Raising wages to address rising costs not a right solution
SINGAPORE: Raising wages to address the issue of rising costs may be an enticing option but that is not the right solution, said Acting Manpower Minister Gan Kim Yong.
He said adjusting wages upwards to meet rising prices would only result in a "price-wage spiral" and Singaporeans should look at the bigger picture.
"What is more important is for us to have a realistic expectation of wages that reflect the underlying economic strength of our industries and also of our productivity. That will allow us to ensure that our economy will be able to sustain its growth momentum," said Mr Gan.
Since the last two recessions, tripartite partners – the government, unions and employers – have been working hard to encourage companies to restructure their wage systems to make them more flexible. This would allow companies to respond quickly when there is an economic downturn.
One component that has been built into the wage system is the monthly variable component (MVC).

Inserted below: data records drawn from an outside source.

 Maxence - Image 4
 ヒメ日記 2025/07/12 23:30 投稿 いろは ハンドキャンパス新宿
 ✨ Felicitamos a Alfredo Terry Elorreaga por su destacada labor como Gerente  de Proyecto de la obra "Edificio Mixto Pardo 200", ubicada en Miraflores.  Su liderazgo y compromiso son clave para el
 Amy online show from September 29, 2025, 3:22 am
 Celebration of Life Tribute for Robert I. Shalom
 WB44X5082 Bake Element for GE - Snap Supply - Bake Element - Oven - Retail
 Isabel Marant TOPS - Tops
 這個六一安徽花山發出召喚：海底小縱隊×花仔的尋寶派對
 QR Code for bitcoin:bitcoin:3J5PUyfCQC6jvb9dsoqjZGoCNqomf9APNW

Mr Gan said this has worked well, but more needs to be done.
He said: "It is not an easy instrument to introduce because companies have to put in place certain mechanisms, particularly in the small and medium enterprises. Many of them take the position that in any case, their wages are quite flexible because they are small and nimble, and are able to adjust the wages as they go along.
"We do acknowledge that some of these companies already have a flexible wage system in their own structure... but it is also important for us to look at other flexible components of the wage system, including reducing the ratio between minimum and maximum wages."

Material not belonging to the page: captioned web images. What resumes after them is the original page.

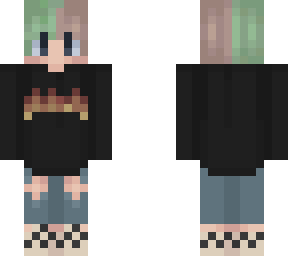 edit not mine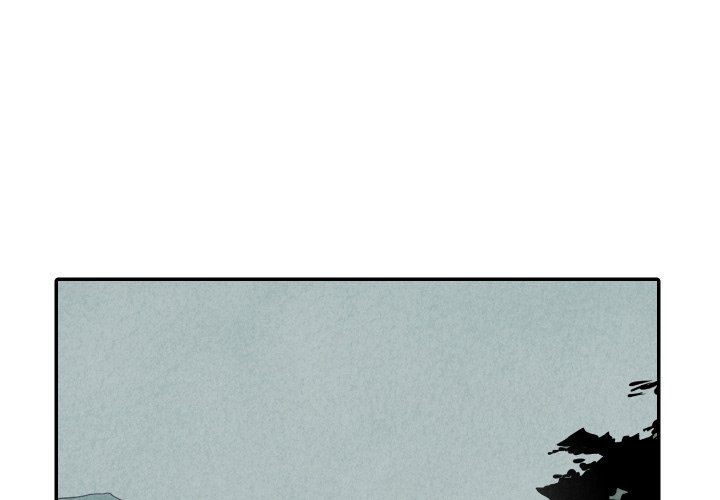 甜蜜营救第41话图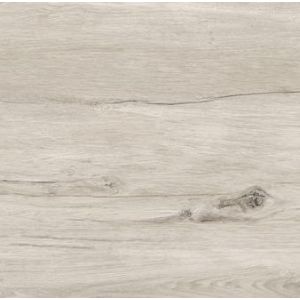 Keramische Tegel Cera3line 30x120x3 cm Timberline Nordic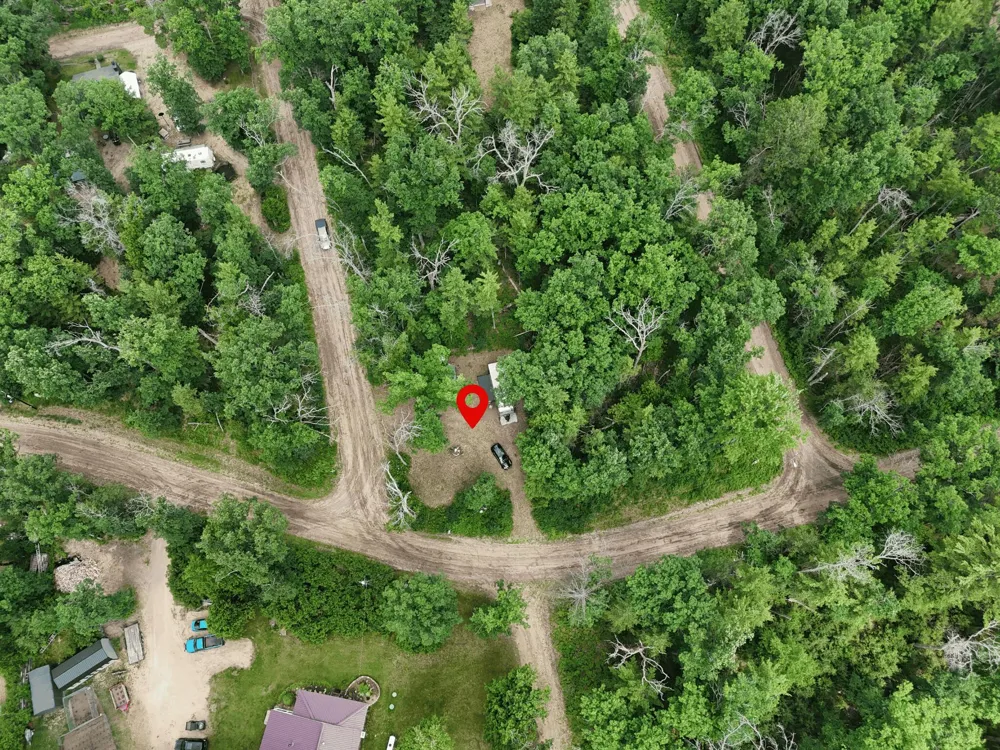 404 Riverview Street Baldwin, MI 49304
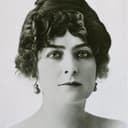 Julia Swayne Gordon als Madame Watt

A major preoccupation of the Manpower Ministry is to finalise Singapore's reemployment legislation which is expected to come into effect by 2012.

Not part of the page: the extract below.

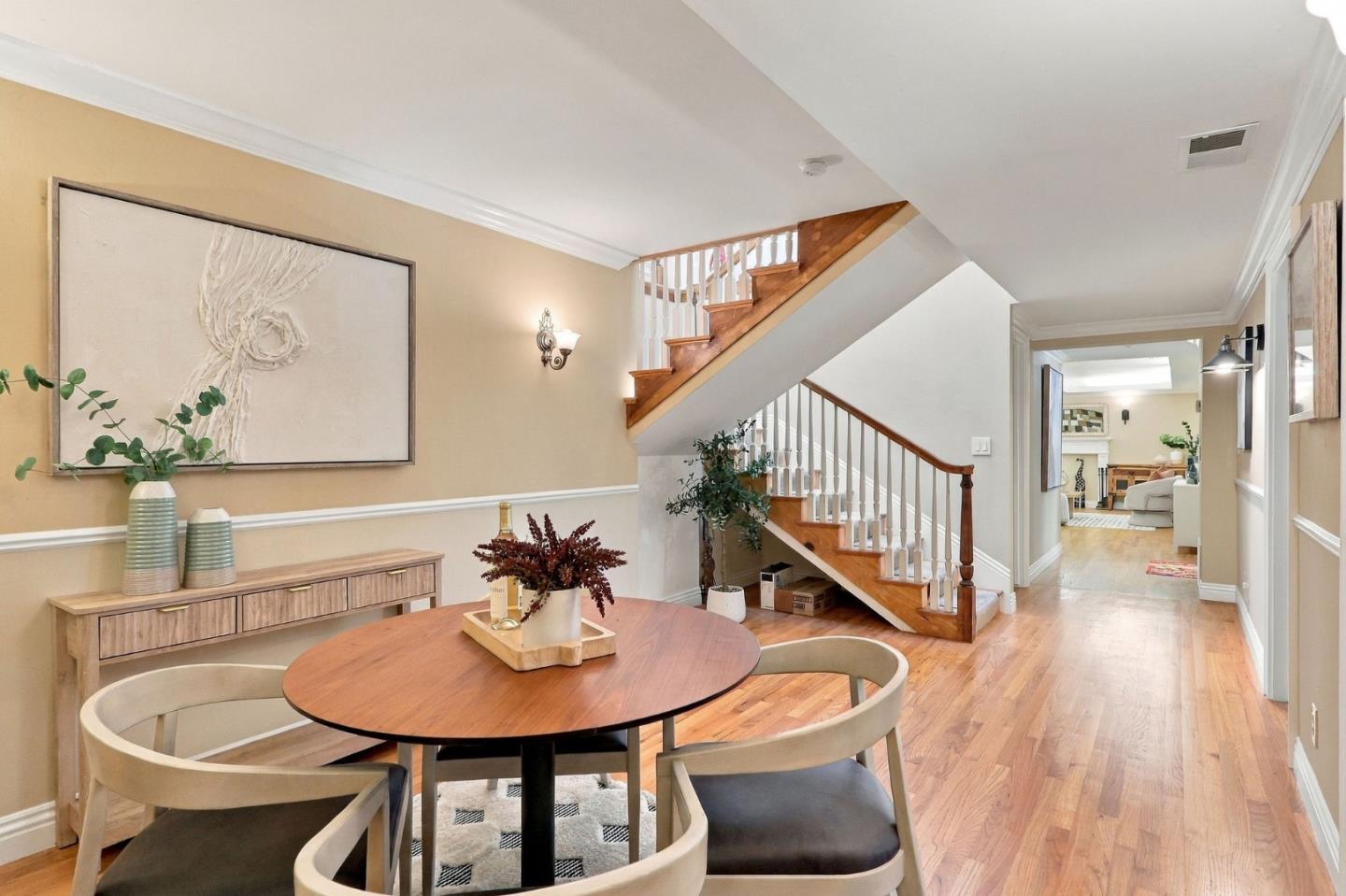 1172 Millbrae Avenue, Millbrae, CA 94030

Mr Gan said that it would not be a top-down approach – there will be widespread public consultation with both employers and unions before the final legislation is crafted.
The acting manpower minister also said the feedback received so far has indicated that employers welcome the initiative and see the benefit of employing older workers.
In fact, the employment rate of those aged between 55 and 64 years went up by 3 percentage points from 2006 to reach almost 56 percent last year. The tripartite partners hope to achieve a 65 percent target by 2012.
Mr Gan said: "Employers are ready and willing to give it a try, and we are now helping them to introduce this system even ahead of the introduction of the legislation.
"Drafting the legislation is not so difficult. What is difficult is to decide what are the criteria, terms within the legislation, and this is something we have to work with the industry and unions so that we can arrive at some common understanding how reemployment is to be implemented."
A tripartite work group has also been set up and it will visit companies to enhance the consultation process before the final law is introduced.